Apriori supported judgments can be further supported empirically,
by the science. But insofar as they are apriori warranted, they have
sufficient warrant to support belief; and the warrant derives from
reasoning or understanding, independently of support from
perception, perceptual experience, or sensory registration. An
example of an apriori warranted judgment, I think, is that perceptual
states can be accurate or inaccurate. Another example is that
perceptual states have a representational function—to accurately
pick out and characterize particulars via causal relations to them:
perceptual states fail in some way (representationally) if they are not
accurate. I doubt that one can know apriori that any individual has
perceptual capacities. Our empirical knowledge that we do have
such capacities is, however, firm. It is more certain than some things
that we know apriori about perception. As noted, being apriori does
not imply some super-strong type of support. Apriori warrant for
belief in simple arithmetical truths is super-strong. But much apriori
support is not stronger, often less strong, than strong empirical
support.
Our firm empirical knowledge that individuals have perceptual
states does not require a detailed, reflective, philosophical
understanding of what perception is. Knowing that individuals have
perceptual states requires only a minimal understanding. One must
be able to distinguish perception, at least by some cases, from just
any sensing. And one must be able to recognize various examples of
perception. Detailed philosophical understanding requires reflection,
articulation, and elaboration of a minimal understanding of the
concept perception and of relations between perception and other
matters—semantical, functional, biological, causal, and so on.
Elaboration is mainly empirical, but partly apriori. Given an
elaborated understanding of what perception is, it is possible to
draw, apriori, some further conclusions about the form, semantics,
and functions of perceptual states. Such conclusions are abstract
and limited. They are important in being basic to understanding.

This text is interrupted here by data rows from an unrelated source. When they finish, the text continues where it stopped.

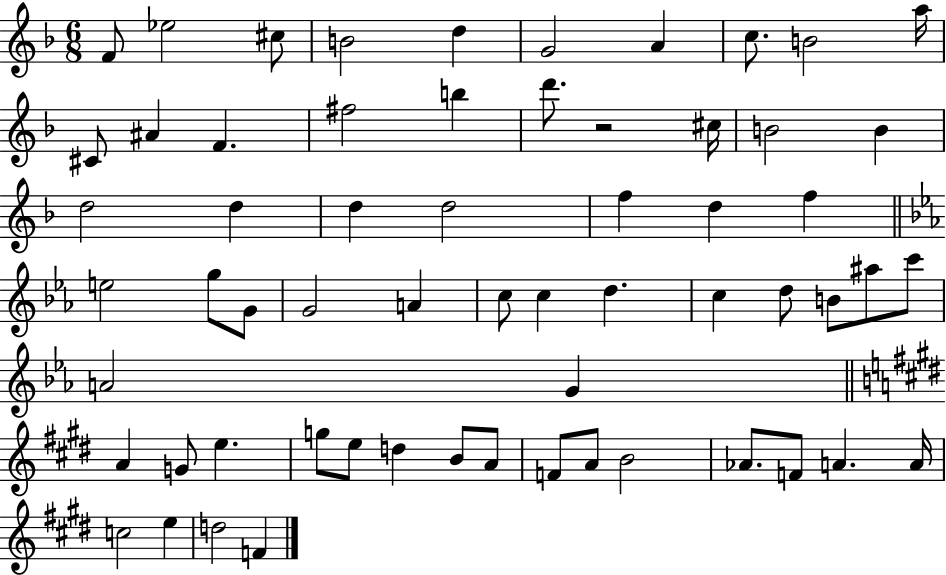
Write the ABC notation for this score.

X:1
T:Untitled
M:6/8
L:1/4
K:F
F/2 _e2 ^c/2 B2 d G2 A c/2 B2 a/4 ^C/2 ^A F ^f2 b d'/2 z2 ^c/4 B2 B d2 d d d2 f d f e2 g/2 G/2 G2 A c/2 c d c d/2 B/2 ^a/2 c'/2 A2 G A G/2 e g/2 e/2 d B/2 A/2 F/2 A/2 B2 _A/2 F/2 A A/4 c2 e d2 F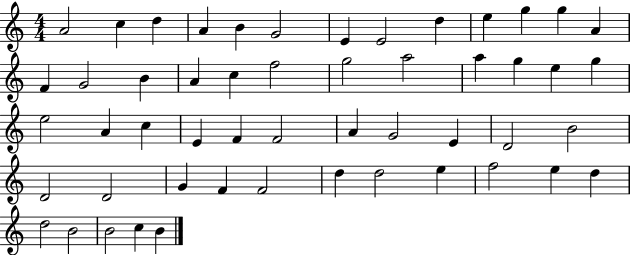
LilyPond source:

{
  \clef treble
  \numericTimeSignature
  \time 4/4
  \key c \major
  a'2 c''4 d''4 | a'4 b'4 g'2 | e'4 e'2 d''4 | e''4 g''4 g''4 a'4 | \break f'4 g'2 b'4 | a'4 c''4 f''2 | g''2 a''2 | a''4 g''4 e''4 g''4 | \break e''2 a'4 c''4 | e'4 f'4 f'2 | a'4 g'2 e'4 | d'2 b'2 | \break d'2 d'2 | g'4 f'4 f'2 | d''4 d''2 e''4 | f''2 e''4 d''4 | \break d''2 b'2 | b'2 c''4 b'4 | \bar "|."
}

Again, most of the book’s claims are empirical. For example, the
accounts of how perceptual and perceptual-motor systems work in
Parts III and IV, and the accounts of what these systems are in Part
IV, are warranted partly by appeal to explanations in the science.
Those accounts and those explanations are certainly empirically, not
apriori, warranted.
I became interested in perception partly because it promises
insight into basic types of representation of the world, and partly
because it is a key factor that must be understood if one is to
understand empirical knowledge. This book shows some fruits of the
first motivation. In investigating the structure and semantics of
perceptual representation, one investigates primitive and basic types
of reference and attribution. My interest in the role of perception in
empirical knowledge remains. But I take understanding perception to
owe almost nothing to epistemology, whereas understanding
epistemology absolutely requires understanding perception.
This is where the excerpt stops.